1. Help Your Students Set Meaningful Educational Goals
Why set goals? Goal setting is similar to creating a daily to-do list. As you cross off each item, you feel like you accomplished something for the day.
Goals give you something to look forward to and to work for. Because goal setting gives you a purpose, they help with anxiety and boost your confidence. A goal has a plan of action and a result.
Goal setting is key to a child’s personal growth and professional success, as setting goals will be an inseparable part of their lives. Each aspect of their lives will require the goal- setting skills, from which school or profession they will choose, how they will handle relationships, or adjust to life transitions.
A goal is not always something you want, however. It’s a list of things to do. It’s an action plan for the day. When you wake up in the morning and make your daily to-do list, is it a list of things you want? No, it’s a list of things to do. It’s an action plan for the day. For some reason, when asked to list goals, they often only want and desire to show up on the list.
A list of goals may include a few desires sprinkled in, such as, “Go on Vacay,” but that goal needs a sub-list titled, “What I need to do to go on Vacay.” This sub-list would be more effective at springing you into action because it would break down the going on vacay into small tasks like, “Hire a dog sitter, buy airline tickets, ask off work, etc.”
To boost their productivity, effectiveness, and satisfaction, teach your students to set SMART goals.
SMART goals are:
- Specific (sensible, significant)
- Measurable (motivating and meaningful)
- Actionable (achievable)
- Relevant (reasonable and realistic)
- Time-bound (time-sensitive)
When you teach your students to set SMART goals, you help them bring their goals closer to reality.
Ask your students to create a list of goals for each project or each unit of your course and explain how to write an actionable goal. For example, instead of your student writing, “Pass the test,” have them a list, “form a study group, complete the study guide, create flashcards.” Now they get to cross off tasks as they complete them, and each time, they will feel one step closer to passing that test.
The SMART checklist helps your students evaluate their goals and plan the actions that will help achieve them.
To add accountability to goal setting, have students share their goals by posting, blogging, or privately sharing with classmates or family members.
2. Narrow Your Topic
Narrowing your lesson topics is always important but becomes vital in virtual education. Narrow topics are more suitable for online communication and are more comfortable for your students to research and discuss from a computer screen.
When teaching online, you may have less instruction time, less one-on-one time to communicate with students, and your students have less contact with each other to discuss a broader topic.
Stick to what is relevant as too much information can create confusion the same way too little information does. Appropriate and straightforward instruction leads to a greater understanding, effectiveness, and productivity.

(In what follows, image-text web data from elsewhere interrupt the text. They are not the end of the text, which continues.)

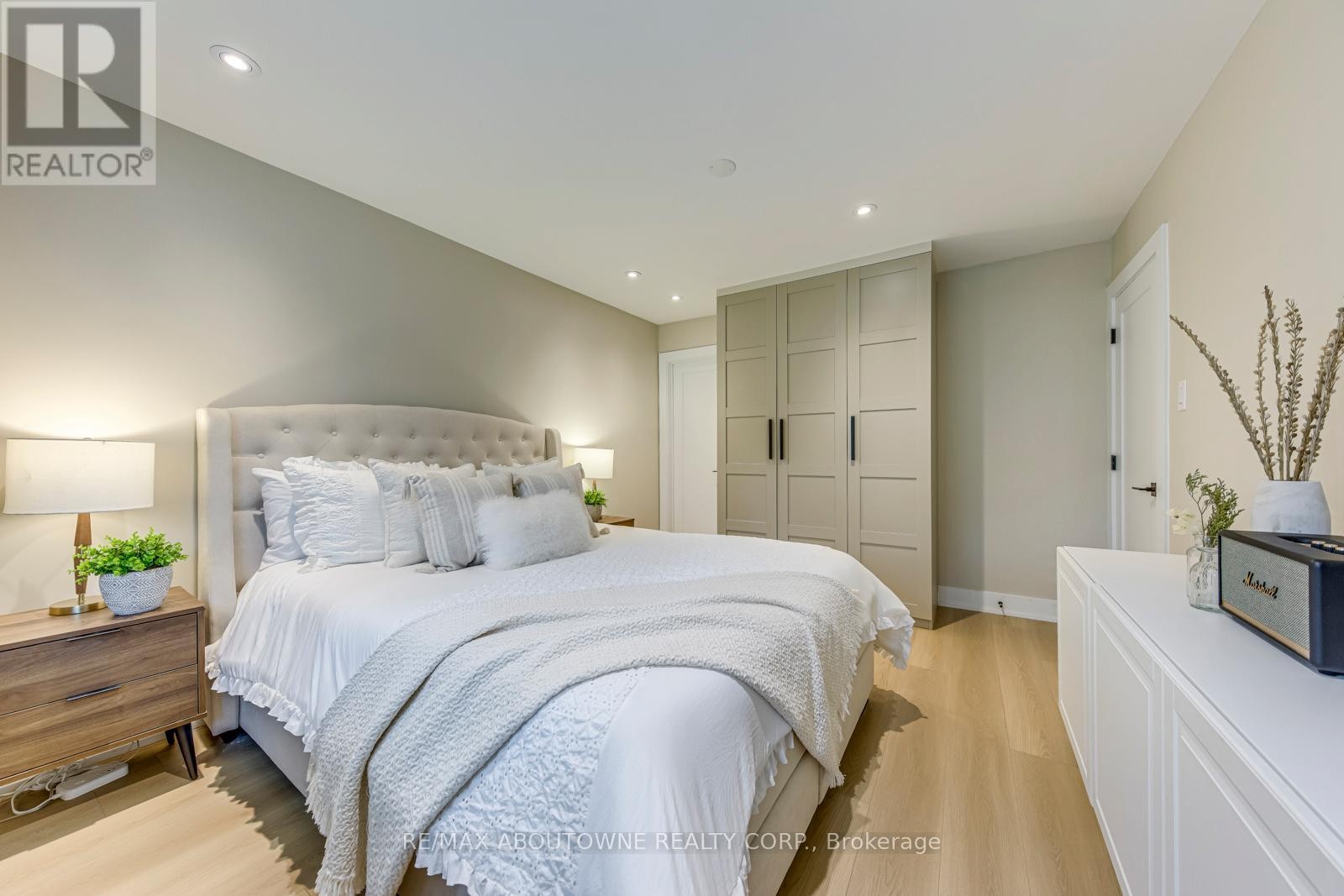 












7 IVYBRIDGE DRIVE

,
Toronto (Eringate-Centennial-West Deane),




Ontario
M9C3R2


Teach your students how to use time management to plan their activities and organize a time for learning. This should help them learn to identify productivity patterns, set priorities, and increase confidence.
Use a graphic organizer to narrow your topics into bite-sized lessons. The inverted triangle or pyramid always works well as it allows you to present the most critical information first and keep the broader topic at the top of mind for the future. The inverted triangle model helps engage and grab the students’ attention and draw them into the subject.

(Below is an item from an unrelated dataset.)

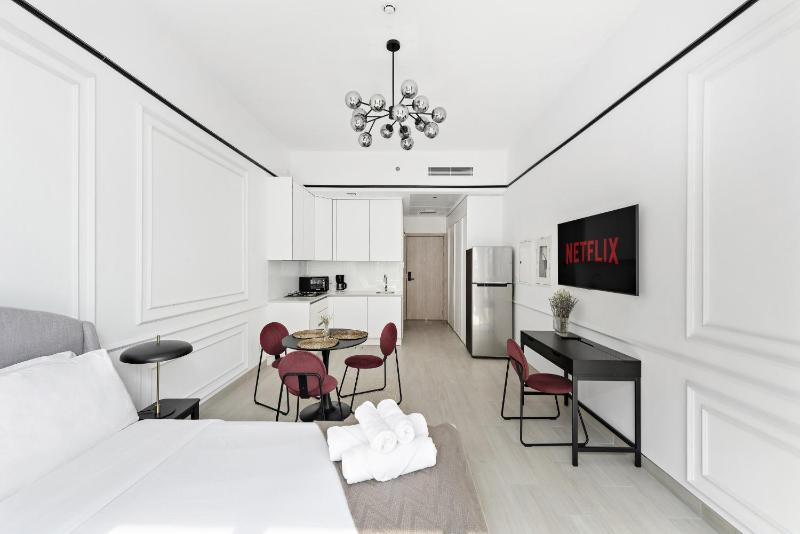 VayK - Chic Studio with a Large Terrace in JVC — отель в Дубае, Объединенные Арабские Эмираты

Also, narrowing your topic will likely result in sticking to the fundamentals, which leads us to…
3. Cover the Fundamentals
You know the story. You walk into class and announce the new topic with enthusiasm. Sure enough, a hand goes up in the back of the class. You sigh, knowing exactly what the question will be but ask anyway, to which the student replies, “Why do I need to know this?”

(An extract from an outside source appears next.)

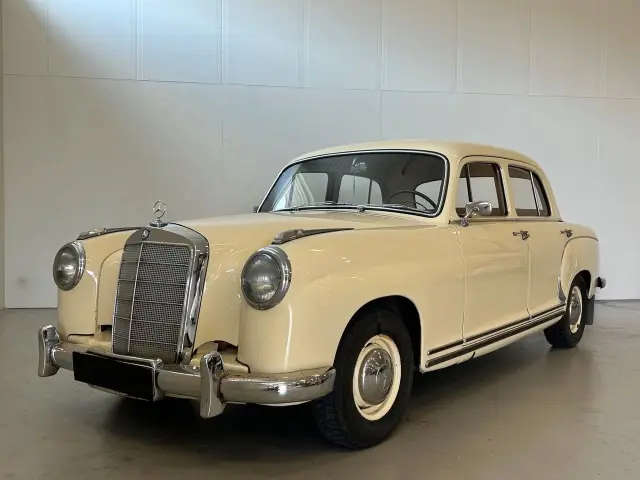 MERCEDES-BENZ 220 Ponton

This will certainly still happen while teaching online. Schooling has become about the mastery of a vast body of information. And much, if not most, of this information, will all, in most cases, never be needed in the student’s life.
The problem here is not about teaching what the student may not need, but because we are missing the lessons, they will likely need — for example, finances, relationships, work ethic, etc.
This is where that mental list comes into play. We have so much to do, so much to say, so much to teach. Our goal is to teach our students awe-inspiring information and hear them have “Ah-Ah” moments, but we run out of time, and many of the fundamentals
get pushed to the wayside of our curriculum. We end up just trying to get through the day, weeks, semester, and the year.
A student of mine had expressed that she wanted to measure her grandmother’s baking pan but didn’t know-how. For many years after, I taught sixteen and seventeen- year-olds taking two and three AP courses in other subjects, how to use a twelve-inch ruler. Whatever your subject is, narrow your topics and be sure to teach the fundamentals. Your students will remember you for this.
Be precise about what you want your students to learn and check with them for understanding. Provide multiple examples and ask them to find their examples.
Online engagement allows you to present the information in a fun and captivating way that sparks student curiosity. It enables you to access a wide range of interactive and practical lesson plans that cover your topic’s fundamentals and engage your students in online education.
4. Turn All Topics into Questions
Phrase your lesson topics in questions. Think of the who, what, when, and where of your topic. Add questions such as, “Would you rather this or that?”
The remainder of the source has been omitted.